Exercise is work performed against resistance to achieve physical fitness. Most exercise pits your muscles against resistance such as gravity or water. While much of the popularity of exercise revolves around muscle-building and improving your physique, the President's Council on Physical Fitness and Sports places special emphasis on exercises for heart and lung endurance. Efficient heart and lung function supply your body with enough oxygen-rich blood to support your other activities.


The United States Army requires proficiency in running for both male and female soldiers as a mandatory form of heart and lung endurance training. Cardio-respiratory endurance is built by progressive increases in both running speed and duration to assure lower-extremity strength increases at a rate that prevents injuries. Running improves a soldier's ability to use large muscle groups during extended periods of intense activity for combat readiness. In the standard Walk-to-Run Program, the endurance goals require males to run 1 mile in 7 minutes or less and females to run 1 mile in 8 1/2 to 9 minutes. After achieving these benchmarks, endurance is further increased with interval training at alternating fast and slow paces.


Swimming is reported by the Centers for Disease Control and Prevention as the No. 2 most popular form of aerobic, or heart and lung endurance exercise in the United States. Two and a half hours per week of swimming is documented to reduce your risk of death to about half that of an inactive person with no regular exercise program. An advantage of swimming over land-based exercise is the absence of gravity-induced stress on joints and muscles in the relative weightlessness of buoyancy. This allows a longer duration of exercise to develop endurance and stamina.

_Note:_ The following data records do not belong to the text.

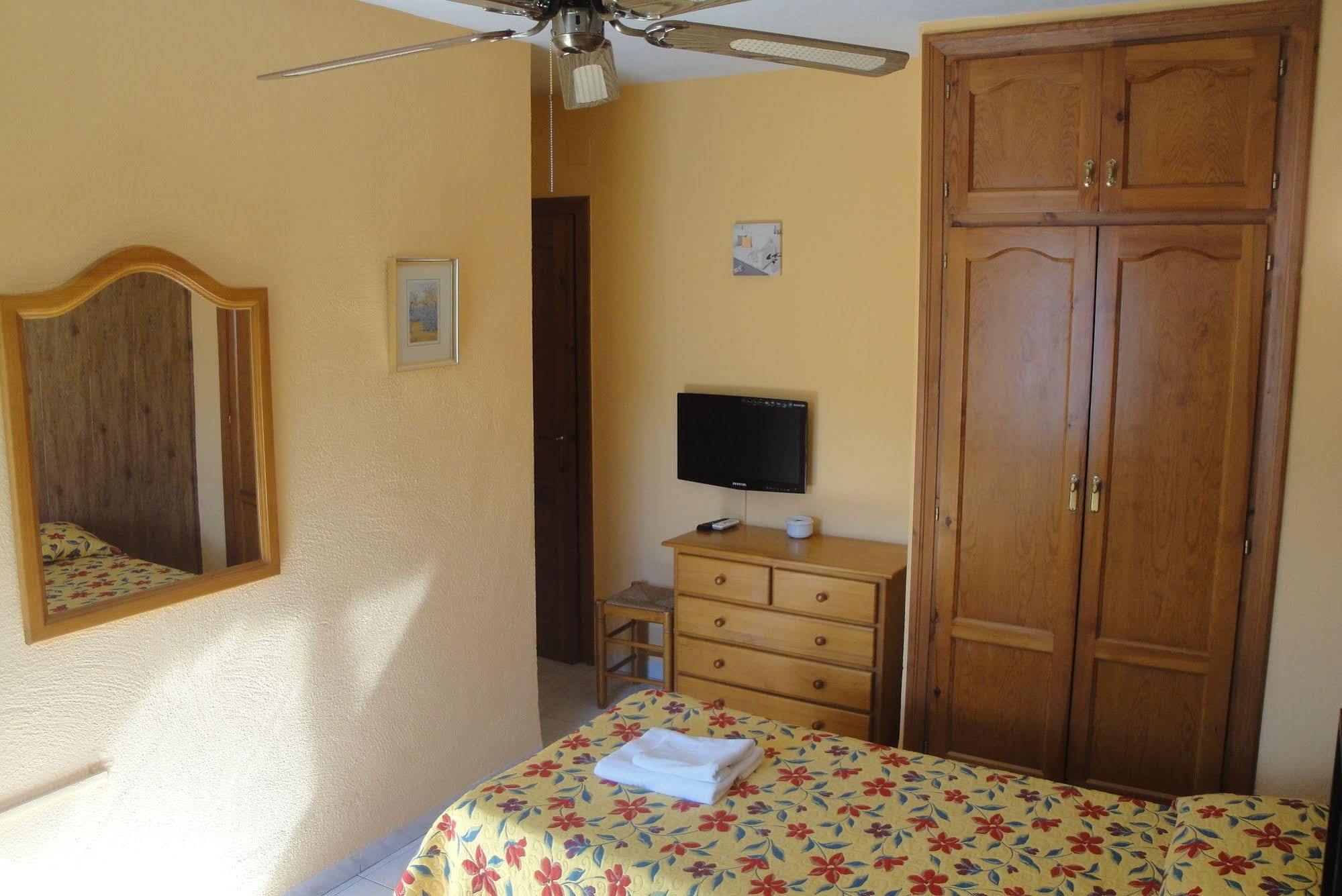 Hostal Cristina دينايا المظهر الخارجي الصورة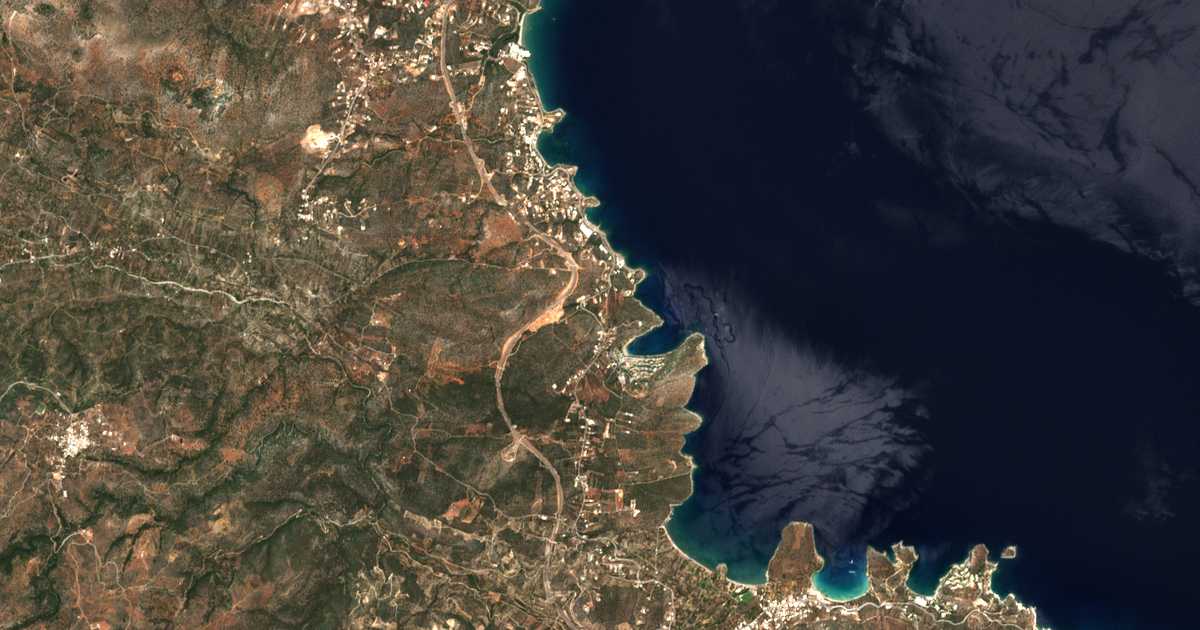 Satelitska karta: Vathý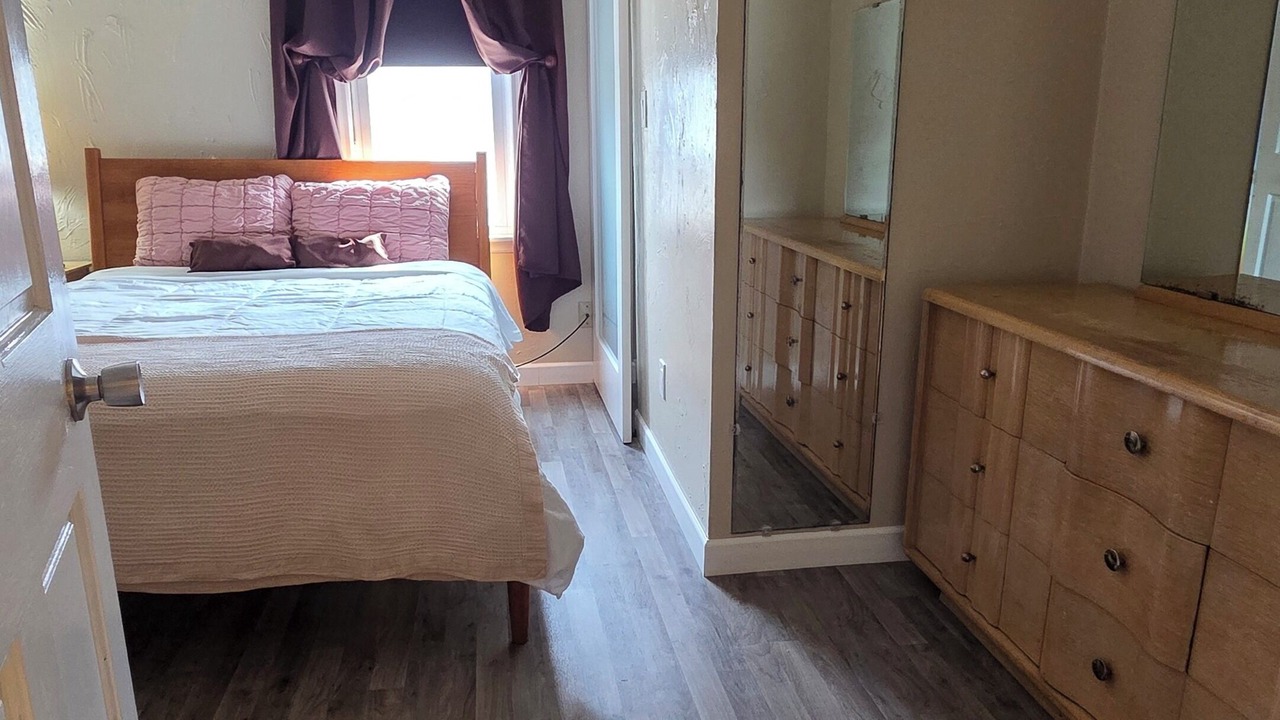 Photo of Bedroom in Powderhorn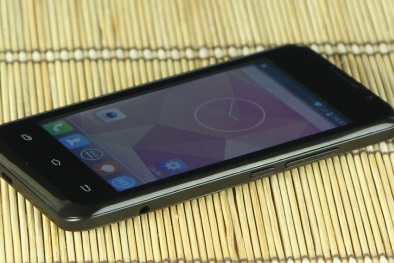 Top 3 smartphone giá chưa đến 1 triệu đồng nhưng 'xài tốt'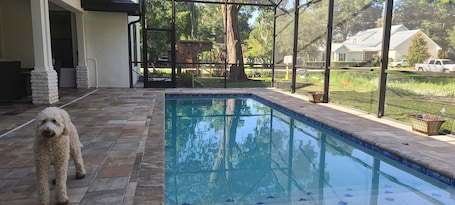 Outdoor pool. The Oak View Place..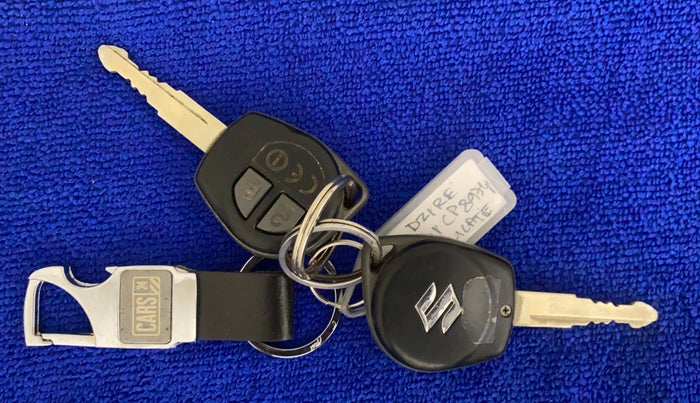 2017 Maruti Dzire VXI AMT, Petrol, Automatic, 32,883 km, Key Close Up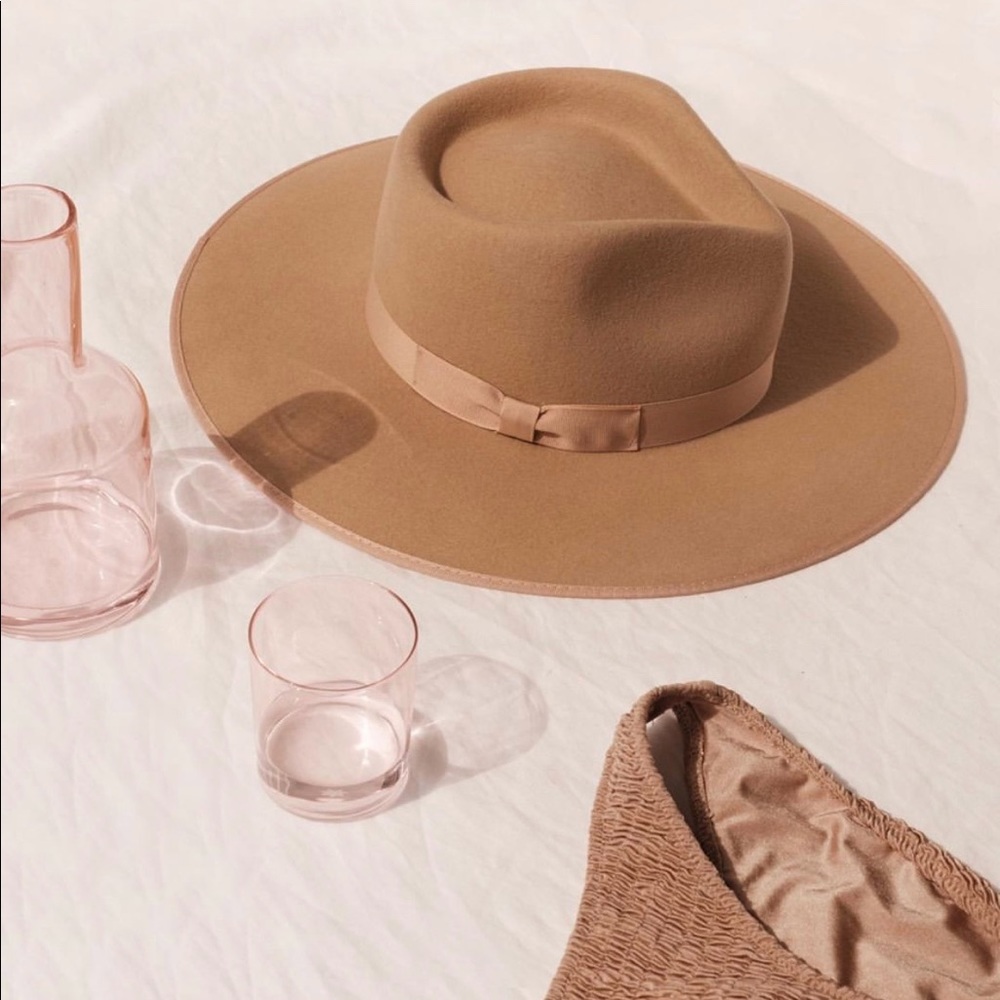 Designer hat - Picture 2 of 6
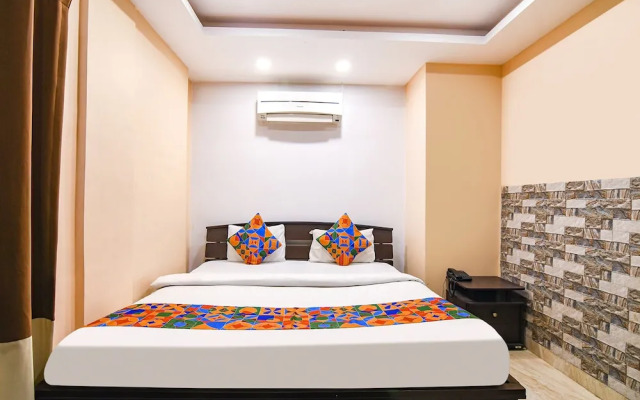 Fabhotel White Palace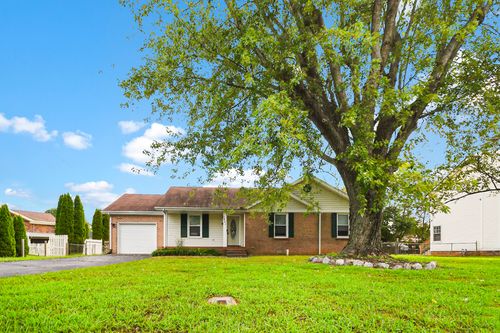 3421 Polly Dr, Clarksville, TN, 37042-5825 | Card Image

Bicycle riding is a low impact activity that you can do with great intensity over a long duration and distance -- as much as a "century," or 100 miles in one day. This type of aerobic endurance training is often called "base building" by cyclists. Interval training for aerobic endurance calls for 15 seconds of fast pedaling alternating with 5 minutes at a moderate pace for five repetitions. Longer-than-usual weekly rides and intervals of riding hard enough to achieve 85 percent of your maximum heart rate also improve cardiovascular endurance.


Any exercise that raises your heart rate to between 65 percent and 85 percent of your maximum heart rate for 30 to 60 minutes a day, three to five days a week plus eight to 12 reps of 10 strength-training exercises twice a week will increase your cardiovascular endurance. The physiological results include increased volume of blood pumped per heart beat, lower resting heart rate, higher cardiac output during exercise and stronger breathing muscles with greater oxygen and carbon dioxide exchange during exercise Taken together, these result in greater aerobic fitness and endurance.